The winning rider – Mike Hall (Bikeshed Wales) did 24 laps SOLO. We are in complete awe of this. All the solo riders must be superhuman mentalists, and our hats go off to you.
Overall the race was great fun in spite of the misery and suffering. Everyone was really friendly and the support we got from the organisers and marshals was fantastic. Singletrack sent us up some lights to test out since we were short of equipment, which was brilliant. Biggest thanks of all go to the British Heart Foundation, and all our sponsors who made dragging our cold, wet, muddy arses back out of the tent for one more lap unavoidable. Without you, we would probably have given up and gone to the pub.
So, here’s how it went. We drove up on Friday night, got to Inverness travel lodge at about 11pm and started pre-race preparations including watching a film and drinking some whisky. A bit slow off the mark in the morning we went to Tesco’s (boo) to grab plenty of food and a big breakfast. We arrived at the race course at 9am, an hour before the start. Andrew went off to register as the first rider while the rest of us set up camp. There wasn’t much space left but we managed to shoehorn our giant marquee into the camp site, because there was a big patch no-one else wanted because it was so icy and slushy. Set up continued while Andrew did the first lap, and we met him at the Arena for the change over to Andy.
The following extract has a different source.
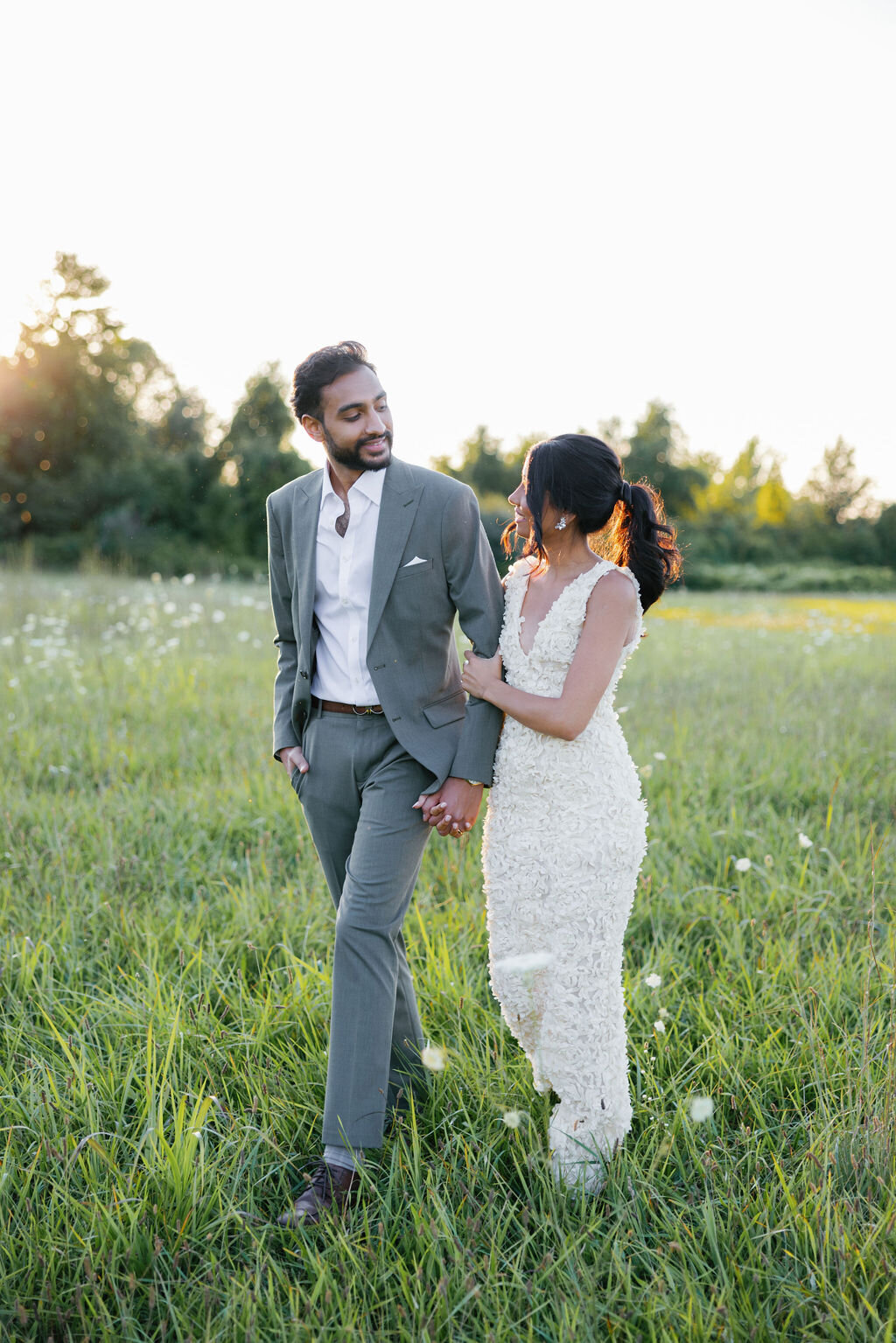 mackenziekatephoto-1278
By the time Andy got back with a split lip from headbutting a tree stump, our camp was almost sorted. Andy’s a doctor so he was annoyed that he couldn’t put a stitch in his lip to keep it tidy, so a dab of superglue from the tool kit sufficed. We had a pretty good set-up. We pitched a tent inside the marquee for sleeping and keeping dry stuff in. We had a big ‘kitchen’ table with all our food, a full tool kit and work stand (essential), a few chairs, and best of all a gas fire to warm up by between laps and dry things over. In the evening we set up the human power station rig with a laptop and projector to watch movies or charge batteries. The idea was to invite people round and ask them to donate to BHF but it never really happened. However the Adventure Show came in and interviewed Sam in the middle of the night, and when we showed them the cinema they were flabbergasted – so we might get on the telly.
So, what was it like, and how did our kit stand up? Well, it is less of a race than a war of attrition. The camp site is like the trenches, with teams doing their best to keep warm, dry and well fed between laps – almost as much effort as riding most of the time. Then in turn you head out “over the top” to do battle with the course, the elements, and your competitors.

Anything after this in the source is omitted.